There are the photographs of them smiling (how can any young person think they are anything other than beautiful?), and then the pictures of a burnt-out car and a dusty roadside, then their families at the funeral.
On social media – and I follow people from all backgrounds – so many fell almost immediately into their pre-ordained roles. Why such a fuss over these three when so little attention has been paid to the deaths of Palestinian children? The Israelis have "killed the equivalent of one Palestinian child every THREE days. 1,518 in total", tweeted the commentator Mehdi Hassan. Why no live coverage of their funerals, he demanded. Hassan's sentiments were commonly expressed by people one might describe as being active in the pro-Palestinian cause.

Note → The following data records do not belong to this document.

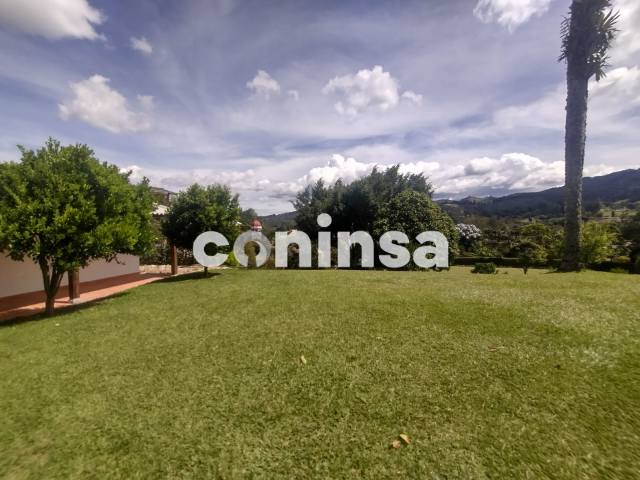 Imagen de lote 2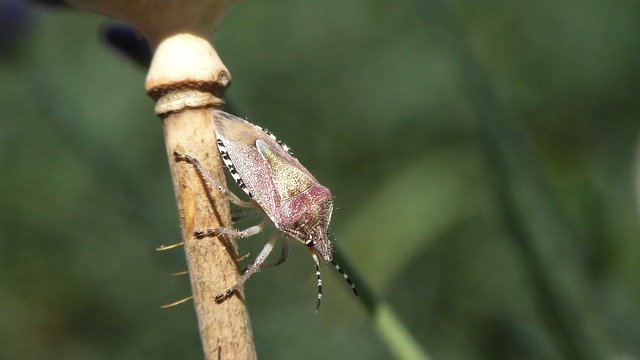 Free download Bug Bill Kerfe Insect -  free photo or picture to be edited with GIMP online image editor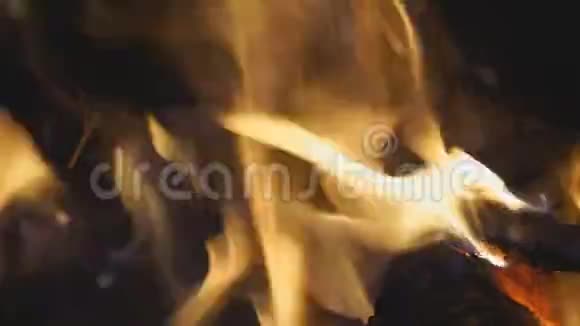 篝火在夜间燃烧视频的预览图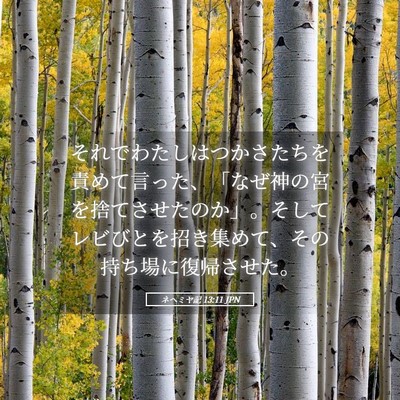Picture 05 - ネヘミヤ記 13:11 JPN - それでわたしはつかさたちを責めて - Bible Verse Picture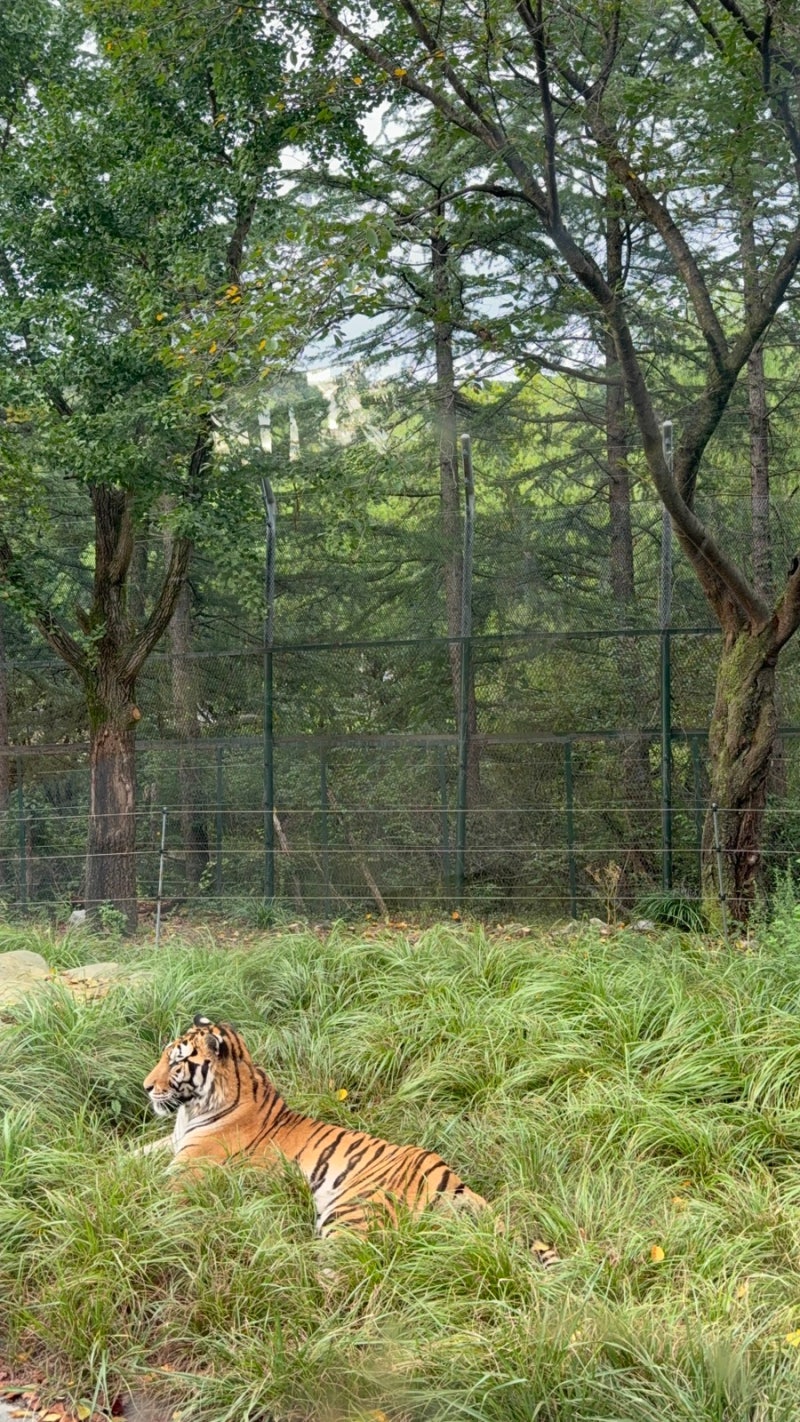 연휴에 고민이라면 대전 오월드(입장료, 제휴카드, 꿀팁 등) / 데이트부터 가족 나들이 사파....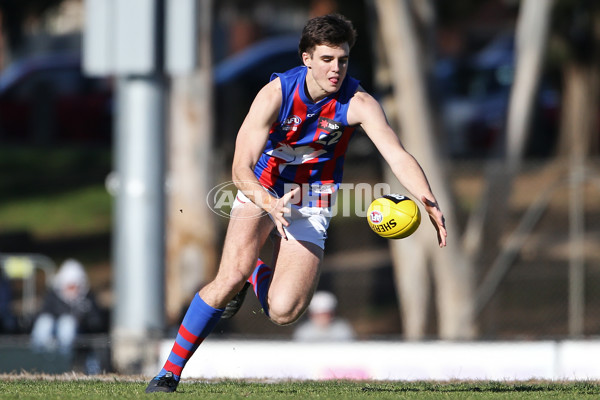 NAB League Boys 2019 Round 17 - Sandringham Dragons v Oakleigh Chargers - 706379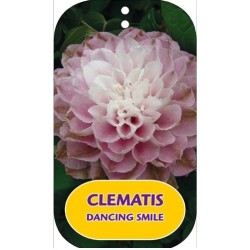 Plačiažiedė raganė - Clematis patens DANCING SMILE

For others it was clear who had done it – Hamas – and clear that Hamas must be struck at again, in whatever way Hamas gets to be struck at. A car destroyed by a missile on a Gaza street, perhaps. Maybe more. Only action would do: swift, firm, violent and retributional action. A settlement on the West Bank should be named after them, said an Israeli minister.
Now we have no hope and no progress. We have camps, only.

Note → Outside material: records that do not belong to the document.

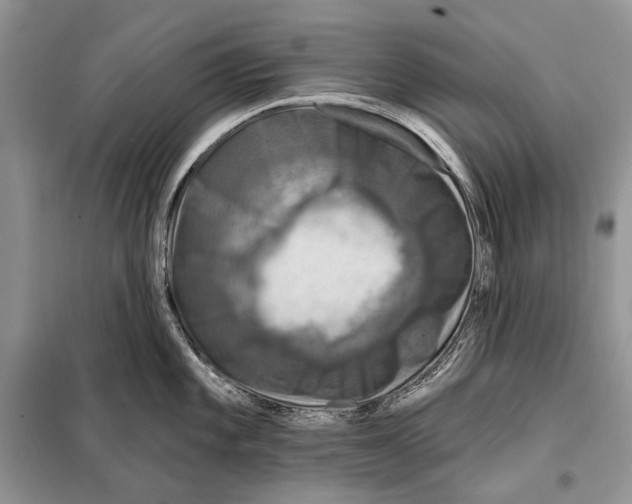 X0000098071101200805020951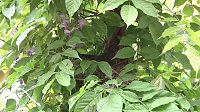 Bild: Bewegung im Nest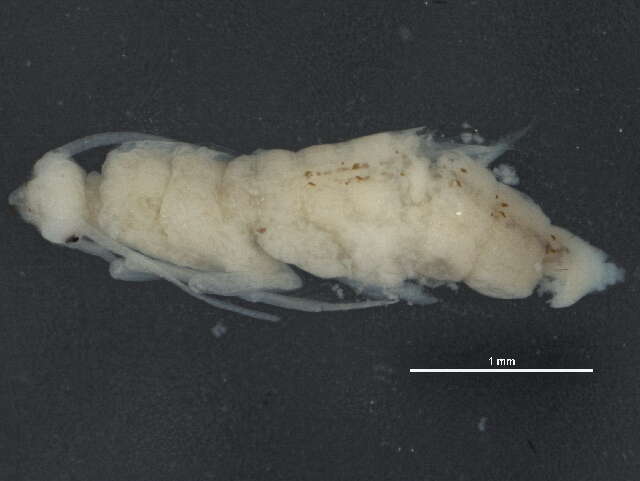 Image of Ochrotrichia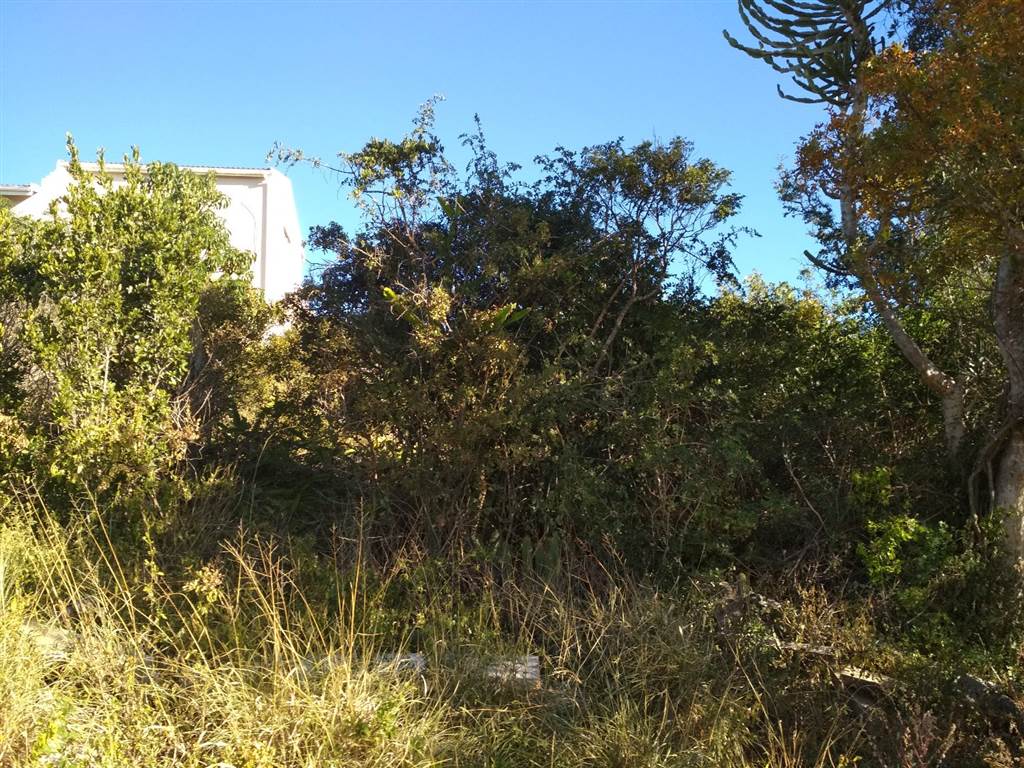 896 m² Land available in Port Alfred photo number 10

And so the deaths were instrumentalised instantly. The three boys stopped being three dead boys and became three symbols. The families stopped being themselves and became either a focus of someone else's determination to punish somebody else, or an example of the attention the wicked West never gives to Palestinian suffering.
As I write this the news is coming in that the body of a Palestinian boy, who was also kidnapped, has been found in Jerusalem. His name was Mohammed Abu Khudair. Within minutes rioters were making his death (and therefore his short life) symbolic too.

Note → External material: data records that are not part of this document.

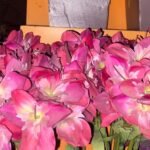 Lilium Amazon Magneta 14X65Cm Flower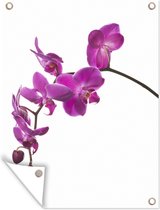 Muurdecoratie buiten Orchidee tegen witte achtergrond - 120x160 cm - Tuindoek - Buitenposter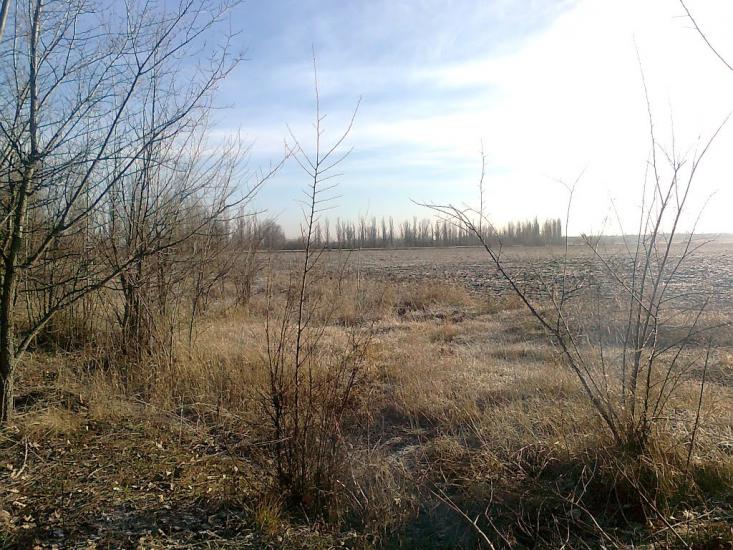 Кутузівка з panoramio.com - Кутузівка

As far as we can tell the killers of the three Jewish boys were a pair of criminal opportunists from a troublesome Hebron clan; guys who were quickly identified by Palestinians themselves. Motivated by hate, or avarice or both, and almost certainly seeing in three Jewish boys the loathed "other", they had turned up in their car at the wrongest time.
In a normal place, what would happen is that the murderers of both the Jewish boys and the Palestinian boy would be pursued, caught, tried and sentenced. If anyone had helped them they too would be subject to the law. We could think about them as people. There wouldn't be house demolitions, threats of collective punishment, street riots or people weaselly half-justifying the murders as being the product of legitimate anger. We would mourn the dead, seek justice for their families, think about better ways to protect our young.
Twenty years ago I was at the BBC when Panorama got its scoop about the Oslo peace process. My then colleague, Jane Corbyn, told the almost incredible story of how the deal was brokered. What followed was a period of hope and no little progress - the only hope and almost the only progress in my life time – but always precarious, always vulnerable to a loss of nerve, courage or the machinations of those who, whatever they say, do not believe in peace, because they don't see "their" boys as being quite as real as "our" boys.
Now we have no hope. We have no progress. We have camps only. Camps don't care about a Gilad, or a Naftali or an Eyal. Or an Iqab or a Billal. They care about winning and the people become mere adjuncts to the propaganda battle. It is a terrible crime to kidnap and murder three boys, but it is also immoral to use such murders to further an argument.